65-Year-Old Chooses An Unusual Source Of Support With Wally the Emotional Support Alligator

Dec 06, 2019 by apost team

We might not be so sure about this one, but here it is. There is a man that uses an alligator like a therapy dog for his depression. While we are not so convinced that this is the correct animal for this role, the man claims that Wally does an exceptionally good job in relieving his depression.

The man from Pennsylvania made headlines when he shared his companion and choice for emotional support to be an alligator. Never would anyone imagine that an alligator can be an emotional support animal. Although this alligator is rather smaller than others and a bit cuter. He is also too small to chop off a leg or a hand at this point.

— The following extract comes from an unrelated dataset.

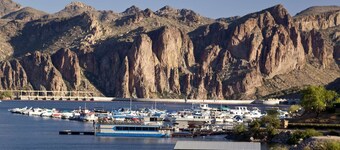 Pool |Gold Canyon |Views of Superstition Mountain |FirePit| Hiking |Golf |Zipline |Unique Experience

The name of the unusual pet is Wally. The alligator was brought to Joie Henney’s native York County, Pennsylvania in 2015 when he was only 14 months old, as reported here in The Daily Mail. The alligator also has a special home for himself – a 300-gallon pond inside the home of Henney. He also has friends – the other alligators Luna and Scrappy.


According to Henney,  the new addition to his home was what helped him make it through his depression after the loss of three loved ones. He knew that the alligator was supporting him when he was laying on the cot one day. The alligator came up to him and laid his head on Henney’s face.

After this, Henney began taking Wally to walks throughout the town. Henney had to be registered as a service animal, but that was more complex as a procedure. Instead, the alligator was registered as an emotional support animal.

The difference between a service animal and an emotional support animal is that the first one is trained to support physically disabled people with their tasks while an emotional support animal is one that helps one cope with depression, mental disability, and psychiatric problems.

Most owners have their dogs registered as emotional support pets. There are many exceptions to this rule. Some people register their spiders, turkeys, snakes, and even possums as emotional support animals. With this title, these animals are even allowed to travel with their owners through public transportation and even on some plane journeys.

When Wally goes outside, he is walked on a leash. At home, he roams freely and enjoys a snack of raw meat from different animals. At 4-years-old, Wally is 4.5 feet long. He is expected to grow more than double that size. The leash won’t do much for him at that point.

Would you even consider an alligator for a pet? What do you think of alligators as pets?